Intercontinental Hotel, Miami
"Has anyone got anything useful for me?" asked Gibbs, when they rendezvoused at the hotel that evening. They were sharing a suite with a large communal room, which was now equipped with a whiteboard, display boards, and laser printer.
"I followed Lieutenant LaGuerta and Dexter Morgan to an interesting meeting," said Ziva. "a contact from my Mossad days, a former American agent who is now resident in this area. He now works as an unofficial investigator, with other ex-agents. I will give you his name if you wish, but I do not think it will be useful."
"I confronted him after their meeting. It appears that LaGuerta interpreted our questions as a suggestion that the Bay Harbor Butcher might still be alive, and followed up on it. She gave my contact everything she had on the case."
"And he gave me copies, of course. Everything they have that wasn't taken by the FBI." She put a thick envelope on the table.
"What did you have to give him for them?" Tony asked with a leer.
"I promised that I would not mention his location to Mossad. Although I would be surprised if they don't already know. And that I would inform him if we found evidence that LaGuerta was correct. I was careful not to say that we would inform him before we had made an arrest."
"Very good, Ziva," said Gibbs. "DiNozzo, what have you got?"
"Sore eyes and a headache," said Tony. "You know how everyone wants to retire to Florida?"
"Of course you don't. Well, a lot of people do, and it turns out that applies to cops and crooks too. While I was in the library I ran into an old vice cop called Crockett, Sonny Crockett, he said to say 'Hi' to you."
"I remember him." Gibbs didn't sound too happy about it. "Go on."
"He gave me the low-down. Hundreds of hoods retire to Florida every year, and some of them aren't completely retired. A high-profile agent like Lundy might have all sorts of enemies in town. He's going to try to put a list together."
"It might be that," said Gibbs, "but I don't think so. While you were socialising did you find out anything about serial killers in Miami? Especially anything connected to Frank Lundy and the Bay Harbor Butcher?"
Tony moved to the whiteboard and in the centre of the board wrote 'Debra Morgan,' and said "Some of this is on the record; some of it is gossip I picked up. I've heard of people being accident prone. Debra Morgan is serial killer prone. And she's far from the only one."
He added 'Ice Truck Killer (Rudy Cooper),' and said "Briefly engaged to Debra Morgan, and tried to kill her. She was rescued by Lieutenant LaGuerta and her brother, Dexter Morgan." He wrote their names below.
"Next we have the Bay Harbor Butcher, allegedly sergeant James Doakes. Who worked in the same office as Debra Morgan, at one time was romantically involved with Lieutenant LaGuerta, and once attempted to assault Dexter Morgan. While working on this case Frank Lundy met and got very friendly with Debra Morgan." He added their names, and drew lines connecting them.
"Our third serial killer is The Skinner, an unpleasant guy called Jorge Orozco, alias George Washington King. He killed a whole bunch of people including Deputy DA Miguel Prado, who at one time had a relationship with Lieutenant LaGuerta. He also attacked and tortured a musician and stoolie named Anton Briggs, who at the time was in a relationship with… drum roll, please… Debra Morgan."
"Finally, of course, we have Lundy's 'Trinity' theory." He wrote on the name, and added lines to Debra and Frank Lundy. "I really don't know what to make of this. It looks like there's something in it, but without Lundy's notes we're whistling in the dark."
"Getting back to our reason for being here, let's see how Nathan Marten fits into all this. Killed and dumped by someone who works a lot like the Bay Harbor Butcher, but way too late to be a victim if the Butcher was Doakes. He was a convicted paedophile, but as far as I know that's it. Is there anything I'm missing?"

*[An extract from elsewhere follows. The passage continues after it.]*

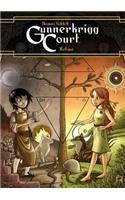 Gunnerkrigg Court Vol. 5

"A connection to Prado," said McGee. "Prado set up the computer bugs, completely illegally."
"And that's it, so far as I can tell," said Tony. "He's about the least connected person in this tangle. No contact with Morgan, Lundy, LaGuerta or Doakes. I hate to say it, but I think it's just a coincidence or a copy-cat."
"My gut says you're wrong," said Gibbs. "Somewhere in this mess there's an answer. We just have to find it."